• Information given:

-------

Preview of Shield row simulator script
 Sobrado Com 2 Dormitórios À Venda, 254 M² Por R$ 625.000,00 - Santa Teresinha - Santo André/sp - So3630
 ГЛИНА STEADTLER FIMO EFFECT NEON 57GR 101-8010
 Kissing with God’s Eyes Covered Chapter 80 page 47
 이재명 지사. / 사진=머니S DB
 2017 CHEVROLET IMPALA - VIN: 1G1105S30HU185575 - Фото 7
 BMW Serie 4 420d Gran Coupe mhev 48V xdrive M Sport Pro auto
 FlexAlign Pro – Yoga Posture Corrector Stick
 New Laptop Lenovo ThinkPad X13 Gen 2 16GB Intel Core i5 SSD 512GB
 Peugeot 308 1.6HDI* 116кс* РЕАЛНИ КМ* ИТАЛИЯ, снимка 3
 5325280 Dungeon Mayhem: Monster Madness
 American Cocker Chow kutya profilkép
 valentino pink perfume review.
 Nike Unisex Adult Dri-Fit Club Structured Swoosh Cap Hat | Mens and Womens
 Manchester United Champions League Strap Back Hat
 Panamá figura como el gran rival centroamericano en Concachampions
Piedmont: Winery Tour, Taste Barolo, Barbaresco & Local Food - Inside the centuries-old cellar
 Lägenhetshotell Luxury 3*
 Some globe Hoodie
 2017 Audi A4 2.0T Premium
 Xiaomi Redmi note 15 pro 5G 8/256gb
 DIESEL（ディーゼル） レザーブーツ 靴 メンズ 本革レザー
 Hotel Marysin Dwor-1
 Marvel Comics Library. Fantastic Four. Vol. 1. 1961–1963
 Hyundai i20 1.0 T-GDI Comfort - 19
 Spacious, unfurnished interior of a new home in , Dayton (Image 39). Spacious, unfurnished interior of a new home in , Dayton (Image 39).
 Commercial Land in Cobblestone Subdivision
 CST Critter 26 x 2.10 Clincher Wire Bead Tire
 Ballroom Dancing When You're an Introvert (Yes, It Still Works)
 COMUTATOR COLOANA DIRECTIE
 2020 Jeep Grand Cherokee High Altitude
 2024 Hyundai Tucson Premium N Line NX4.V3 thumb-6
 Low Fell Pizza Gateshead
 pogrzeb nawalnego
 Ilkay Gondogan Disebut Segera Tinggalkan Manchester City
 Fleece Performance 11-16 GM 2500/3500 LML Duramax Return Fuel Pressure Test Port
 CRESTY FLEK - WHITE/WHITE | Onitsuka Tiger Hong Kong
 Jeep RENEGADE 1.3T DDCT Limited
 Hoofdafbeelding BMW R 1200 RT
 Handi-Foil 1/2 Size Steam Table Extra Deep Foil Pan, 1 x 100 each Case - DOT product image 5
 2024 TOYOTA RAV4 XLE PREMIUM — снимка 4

-------

• Your goal: Scan the lines above for "Marvel Comics Library." and for "CST Critter 26". Repeat exactly the line holding each of them and every line in between.

• Your response:
 Marvel Comics Library. Fantastic Four. Vol. 1. 1961–1963
 Hyundai i20 1.0 T-GDI Comfort - 19
 Spacious, unfurnished interior of a new home in , Dayton (Image 39). Spacious, unfurnished interior of a new home in , Dayton (Image 39).
 Commercial Land in Cobblestone Subdivision
 CST Critter 26 x 2.10 Clincher Wire Bead Tire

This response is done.